Telomerase is constitutively overexpressed in the majority of human
cancers and
telomerase inhibition provides a promising broad-spectrum anticancer therapeutic strategy.
BIBR 1532 is a well-known synthetic
telomerase inhibitor that blocks the enzymatic activity of hTERT, the catalytic subunit of
telomerase. However, water insolubility of
BIBR 1532 leads to low cellular uptake and inadequate delivery and thus, limits its anti-
tumor effects. Zeolitic imidazolate framework-8 (ZIF-8) is considered as an attractive
drug delivery vehicle for improved transport, release and anti-
tumor effects of
BIBR 1532. Herein, ZIF-8 and
BIBR 1532@ZIF-8 were synthesized, respectively, and the physicochemical characterizations confirmed the successful encapsulation of
BIBR 1532 in ZIF-8 coupled with an improved stability of
BIBR 1532. ZIF-8 could alter the permeability of lysosomal membrane probably by the
imidazole ring-dependent protonation. Moreover, ZIF-8 encapsulation facilitated the cellular uptake and release of
BIBR 1532 with more accumulation in the nucleus.
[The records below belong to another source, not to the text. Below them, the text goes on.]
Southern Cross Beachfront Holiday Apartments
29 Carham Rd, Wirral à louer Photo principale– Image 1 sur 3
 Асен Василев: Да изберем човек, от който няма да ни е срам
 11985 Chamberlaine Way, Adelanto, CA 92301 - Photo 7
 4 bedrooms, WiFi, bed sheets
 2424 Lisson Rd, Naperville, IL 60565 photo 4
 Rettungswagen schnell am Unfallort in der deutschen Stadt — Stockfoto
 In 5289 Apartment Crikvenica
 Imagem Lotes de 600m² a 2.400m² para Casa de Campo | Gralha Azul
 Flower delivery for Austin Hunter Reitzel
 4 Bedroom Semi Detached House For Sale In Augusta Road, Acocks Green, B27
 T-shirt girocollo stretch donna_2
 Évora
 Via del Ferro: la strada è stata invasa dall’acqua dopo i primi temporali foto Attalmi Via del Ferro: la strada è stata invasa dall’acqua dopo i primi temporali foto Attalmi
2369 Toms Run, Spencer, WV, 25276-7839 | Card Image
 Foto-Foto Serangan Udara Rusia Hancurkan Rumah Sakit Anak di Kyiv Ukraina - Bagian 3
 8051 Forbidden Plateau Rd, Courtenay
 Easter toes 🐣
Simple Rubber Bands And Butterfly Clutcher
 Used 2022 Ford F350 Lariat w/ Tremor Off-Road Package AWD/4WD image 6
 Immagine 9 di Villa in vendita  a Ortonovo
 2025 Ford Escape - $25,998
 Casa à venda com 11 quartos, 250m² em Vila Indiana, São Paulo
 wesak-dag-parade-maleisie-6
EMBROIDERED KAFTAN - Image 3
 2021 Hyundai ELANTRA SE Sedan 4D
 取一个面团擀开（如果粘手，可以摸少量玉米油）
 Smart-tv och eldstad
BIBR 1532 encapsulation with ZIF-8 triggered a more obvious growth inhibition of
cancer cells as compared with free
BIBR 1532. A more potent inhibition on hTERT
mRNA expression, aggravated G0/G1 arrest accompanied with an increased cellular senescence were detected in
BIBR 1532@ZIF-8-treated
cancer cells. Our work has provided preliminary information on improving the transport, release and efficacy of water-insoluble small molecule drugs by using ZIF-8 as a delivery vehicle.